Scorie - Il partito degli investimenti pubblici (2/2)
Ancora a proposito del partito degli "investimenti pubblici", ho letto di recente un articolo in cui Pierluigi Ciocca ne descrive con enfasi i benefici per l'economia e anche i conti pubblici.
"Se l'effetto di produttività degli investimenti è notevole nel medio termine, quello sulla domanda lo è anche nel breve periodo. Secondo l'econometria dell'Imf, sotto favorevoli condizioni, il moltiplicatore di "buoni" investimenti pubblici – che trascinano gli stessi investimenti privati – può superare 2 nell'arco di due-tre anni. Al confronto, il moltiplicatore dei consumi pubblici, dei trasferimenti, della detassazione è molto più basso: in Italia non supera 0,7-0,8."
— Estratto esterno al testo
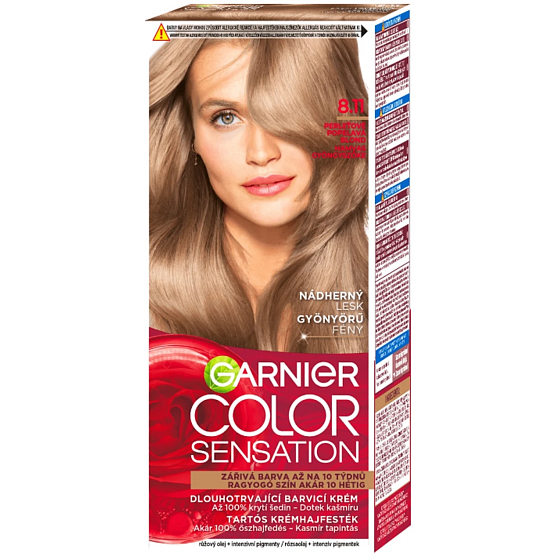 Garnier Color Sensation farba do włosów 8.11 Perłowy popielaty blond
Credo che sia opportuno evidenziare l'inciso "sotto favorevoli condizioni", perché è proprio quello che, solitamente, fa la differenza tra un modello econometrico e la realtà. Nel senso che tutti i modelli econometrici funzionano sulla carta. Purtroppo, però, le condizioni perché funzionino nella realtà non si verificano, se non per pura casualità. Altrimenti avremmo da tempo abbandonato questa valle di lacrime e vivremmo nel bengodi generale.
Se nelle parole di Ciocca intravedete del keynesismo, intravedete bene. Prosegue Ciocca:
"Se i due punti di Pil rivolti dal Governo Renzi a trasferimenti e sgravi a famiglie e imprese fossero stati investiti, l'aumento del Pil sarebbe risultato più che doppio rispetto al deludente 1% l'anno registrato dopo l'ultima recessione. Data l'elasticità al Pil del rapporto disavanzo pubblico/Pil (circa 0,5), l'investimento pubblico coperto all'avvio con debito può autofinanziarsi, ceteris paribus, in un biennio ("golden rule"). L'effetto espansivo non verrebbe meno neanche nel caso in cui l'investimento fosse alimentato con imposte."
In altri termini, sempre a patto di essere "sotto favorevoli condizioni", non solo non devono essere abbassate le tasse, ma possono anche essere aumentate, perché gli investimenti avrebbero comunque un effetto espansivo.
Per inciso, questo è quanto avviene in Giappone da oltre due decenni. Dove, però, alla faccia dell'autofinanziamento degli investimenti pubblici, si è accumulato un debito pubblico pari al 250 per cento del Pil. Probabilmente le condizioni non sono state "favorevoli".
Ciò non mette alcun dubbio a Ciocca, però. Il quale conclude:
"Non vi è altra via per rinvigorire l'esangue economia italiana. È la lezione di Keynes, che, contrariamente a quanto pensa chi non l'ha letto, aborriva il disavanzo dello Stato, il debito pubblico, lo "scavare le buche" e affidava l'investimento pubblico al controllo della composizione del bilancio."
Ammetto di non aver letto tutto quanto scrisse Keynes, ma la "Teoria generale dell'occupazione, dell'interesse e della moneta" l'ho letta dalla prima all'ultima pagina. Condivido l'idea che Keynes abbia in Italia più commentatori che lettori, ma ciò riguarda non solo i critici, bensì anche gli entusiasti. I quali, oltre all'accademia, hanno pervicacemente occupato posti di rilievo nella politica (trasversalmente) e nei ministeri, tanto nella prima quanto nella seconda repubblica.
Suppongo che Keynes non avrebbe condiviso tutto l'interventismo posto in essere ispirandosi ai suoi insegnamenti. Probabilmente avrebbe considerato i fallimenti del keynesismo come errori di applicazione, anche se, valutando le esperienze di circa otto decenni, qualche dubbio sulla correttezza della sua teoria non sarebbe stato fuori luogo neppure da parte sua.
Resta il fatto che lo "scavare le buche" non è una caricatura. Keynes lo scrisse davvero. Così come scrisse davvero l'introduzione all'edizione tedesca della teoria Generale, nella quale informava il lettore che la sua teoria avrebbe trovato applicazione più agevole in un contesto in cui il governo avesse avuto maggior "potere decisionale" (concedetemi l'eufemismo) rispetto al Regno Unito.
L'utilizzo del deficit (accompagnato da politica monetaria espansiva) nelle intenzioni avrebbe dovuto avere funzione anticiclica, ma chissà perché il momento di rientrare dal deficit non arrivava (non arriva) mai. E il deficit, invece di moltiplicare il Pil, ha moltiplicato il debito.Considerando i precedenti e le condizioni attuali dei debiti pubblici (a partire dall'Italia), eviterei di parlare ancora di investimenti a debito che si autofinanziano.